1. Below is a table with the requested powers of $i$. Note that these can be computed by systematically multiplying by increasing powers of $i$, e.g., $$i^3=i^2\cdot i=-1\cdot i=-i,$$ which can be written in the form $-i=0+(-1)i$, and then $$i^4=i^3\cdot i=(-i)\cdot i=-i^2=-(-1)=1,$$ which similarly can be written as $1=1+0i.$
$i^0$ $i^1$ $i^2$ $i^3$ $i^4$ $i^5$ $i^6$ $i^7$ $i^8$
$1$ $i$ $-1$ $-i$ $1$ $i$ $-1$ $-i$ $1$
2. We observe that the pattern of powers of $i$ is cyclical, repeating every 4 exponents. When the exponent is an integer multiple of 4, the result is a 1. Exponents which are one more than a multiple of 4 give a result of $i$, and so on. To make this precise, we simply observe that any integer can be written as a multiple of 4, plus either 0, 1, 2, or 3. We can justify this pattern as follows: To compute $i^n$, we write $n=4k+a$ (where $a$ is 0, 1, 2, or 3), and then observe $$i^n=i^{4k+a}=(i^4)^k\times i^a=a^k\times i^a=i^a.$$

That is, we can compute $i^n$ by computing $i^a$, where $a$ is the remainder upon dividing $n$ by 4.

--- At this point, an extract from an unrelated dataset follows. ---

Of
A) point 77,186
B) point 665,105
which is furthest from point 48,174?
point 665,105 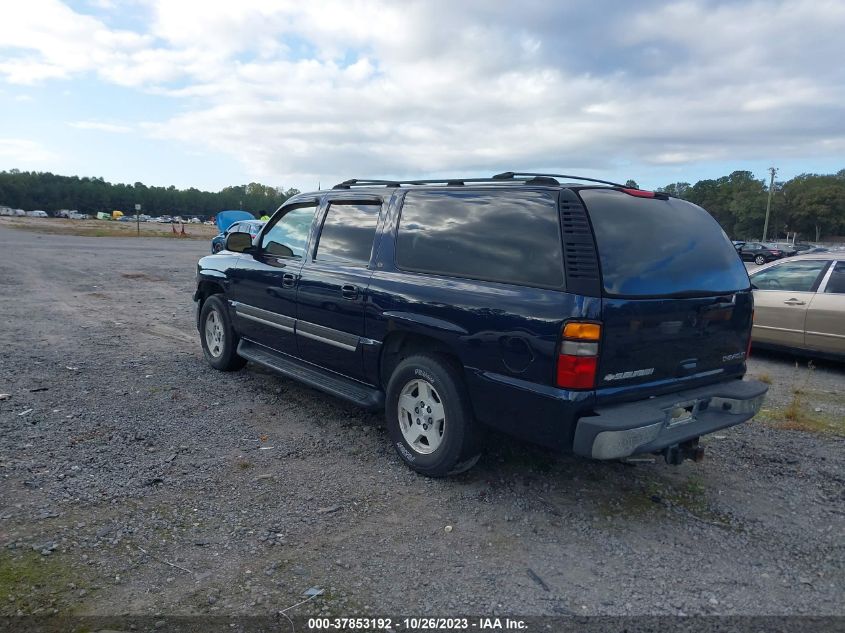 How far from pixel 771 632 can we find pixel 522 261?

Since $195$ is three more than the multiple $192=4\cdot 48$, we have $i^{195}=i^3=-i$.

3. Here are the algebraic solutions:
• $i^2 + i + 1 = -1 + i + 1 = i$
• $i^3 + i^2 + i +1 = -i + -1 + i + 1 = 0$
• $i^4 + i^3 + i^2 + i +1 = 1 + -i + -1 + i + 1 = 1$
• $i^5 + i^4 + i^3 + i^2 + i +1 = i + 1 + -i + -1 + i + 1 = 1 + i$
• $i^6 + i^5 + i^4 + i^3 + i^2 + i +1 = -1 + i + 1 + -i + -1 + i + 1 = i$
• $i^7 + i^6 + i^5 + i^4 + i^3 + i^2 + i +1 = -i + -1 + i + 1 + -i + -1 + i + 1 = 0$
• $i^8 + i^7 + i^6 + i^5 + i^4 + i^3 + i^2 + i +1 = 1 + -i + -1 + i + 1 + -i + -1 + i + 1 = 1$
4. Note that the number of terms is 1 more than the largest exponent in the sum. Using the pattern for $i^n$ observed in the previous parts, we see that the sum of the first 196 powers of $i$ (starting with $i^0$) is simply $$\underbrace{\underbrace{1 + -i + -1 + i}_{=0} + \underbrace{1 + -i + -1 + i}_{=0}+\cdots+ \underbrace{1 + -i + -1 + i}_{=0}}_{\text{196 total terms, divided into 48 smaller groups that each sum to 0}}=0.$$ Though not required by the task, this statement generalizes nicely -- whenever the number of terms is a multiple of 4, the corresponding sum will be 0. Whenever the number of terms is one more than a multiple of 4, then there will be one term left over when we are done collecting these groups of 4: The sum $$\underbrace{1 + -i + -1 + i}_{=0} + \underbrace{1 + -i + -1 + i}_{=0}+\cdots+ \underbrace{1 + -i + -1 + i}_{=0}+1=1$$ evaluates to 1 as there will be only a single "1" which does not dispappear by virtue of being in a group of 4. Similarly, if the number of terms is two more than a multiple of 4, the result is $1+i$, and if the number of terms is three more than a multiple of 4, the result is $1+i+-1=i$.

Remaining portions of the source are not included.